What a Road Trip!
Even after last night’s loss - Boston is playing at a six hundred clip, with the best record in the American League. They are fourteen games ahead of five hundred, a remarkable turnaround from April, when they were eight games under five hundred only a couple weeks into the season. By my count, that’s plus twenty two since then, or 40-18 overall.
At the start of June, there was no way I could have pictured this, as the current month had them scheduled for a potentially disastrous nine game AL East road trip, with successive series in New York, Toronto and Tampa Bay.
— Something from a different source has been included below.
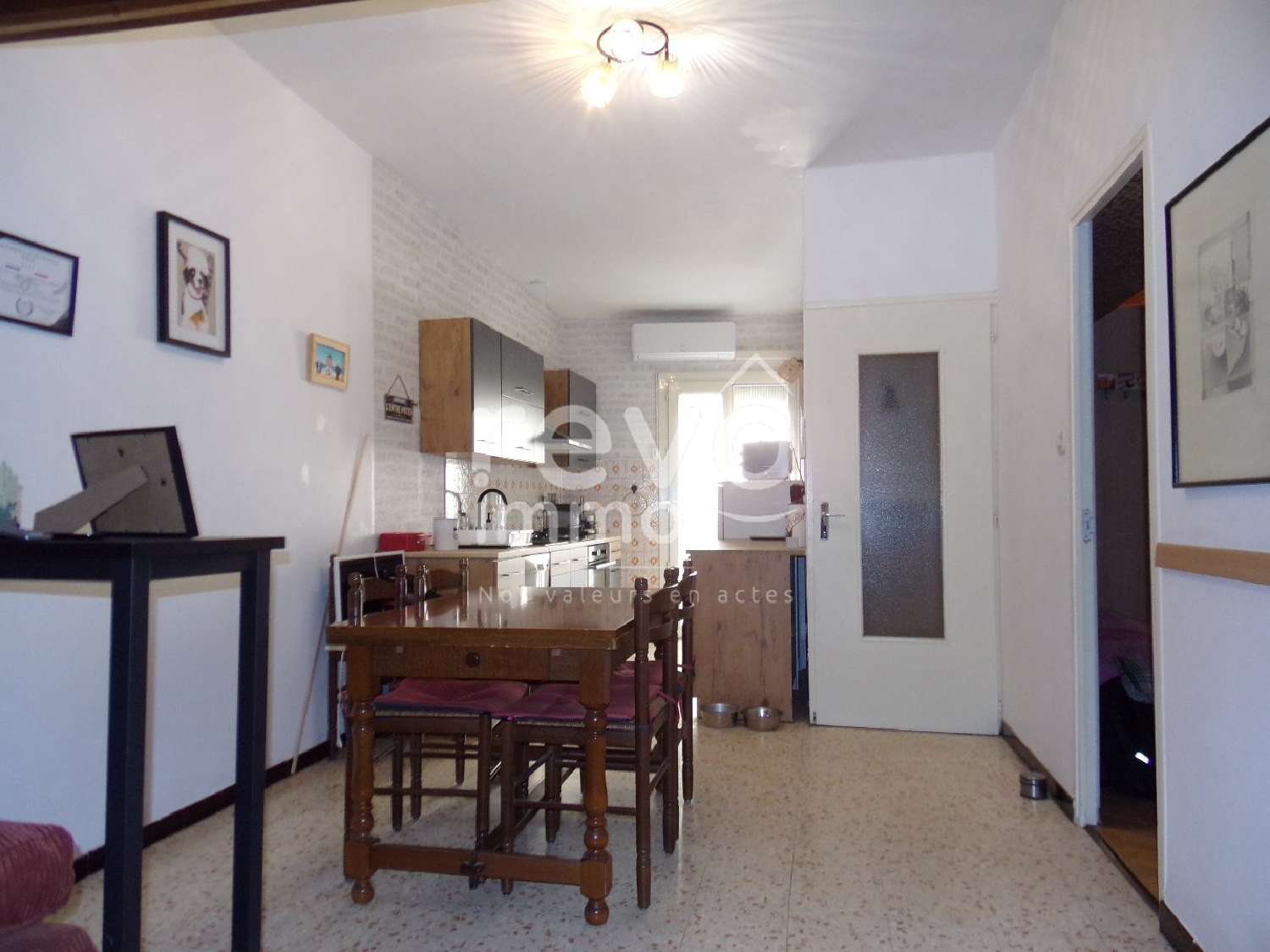 te koop huis Aspiran Hérault 1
Going into the Bronx about ten days ago, I would have been pleased with a five hundred record on that trip. But as we all know now, the Sox swept the Yankees, then hammered the Jays, banging out 35 runs in three games, and even managed to take two of three in Tampa, thus coming home to Fenway after having gone 8-1 on the road.
Boston’s recent success has mainly come via the offense. Gonzalez is still tearing up the AL, leading the majors in RBIs, and now batting almost three-fifty. (It will be interesting to see how he performs when San Diego comes to town tomorrow night.) Papi was a terror on the road trip, with four home runs and thirteen RBIs, while raising his average to three-twenty. Pedroia came back from his MRI with a smoking hot bat; Youk and Ellsbury had timely hits. In fact, the whole lineup was contributing, which was the main reason the Sox scored eight or more runs in seven games this month.
One downside has been that the pitching has been less than spectacular of late. Lester tossed eight strong innings in Toronto, and Beckett came very close to a perfect game down in Tampa. The Rays’ only base runner came on a slow grounder down the third base line that Youk could not get to in time. An infield single left Beckett with a one-hit shutout, on fewer than one hundred pitches no less. He’s been on fire this year, and I only hope he stays healthy. It’s funny, but Beckett’s great seasons have always come in odd-numbered years, and yes, 2011 is an odd number. And I guess Wake had a good outing in Tampa, but it came on the night that Shields shut the Sox out. Often though, the starters have allowed a bunch of runs, but were then bailed out by the bats. Only Beckett is carrying an impressive ERA right now. Even Lester is giving up about four runs a game; just like last night.
But speaking of staying healthy, the first game in the home stand was a reminder that teams need good luck in order to succeed in a regular season than runs for six months. In one game Crawford came up lame legging out an infield hit, and Youk got sick and had to leave the lineup. The same day, the Sox had placed Lowrie on the disabled list; he got banged up colliding with Carl Crawford (didn’t that same thing ruin Ellsbury’s season last year?) a couple weeks ago, and hasn’t healed. So any team, including the Sox, is always a couple freak accidents away from having their season go into the tank. Think about how everyone kept away from injuries in the championship years, and contrast that with last season.
Anyway, things are looking brighter right now. The gloom of April seems to have passed, and the team is playing up to this year’s high expectations. Let’s hope they stay hot as we move into summer. Go Sox.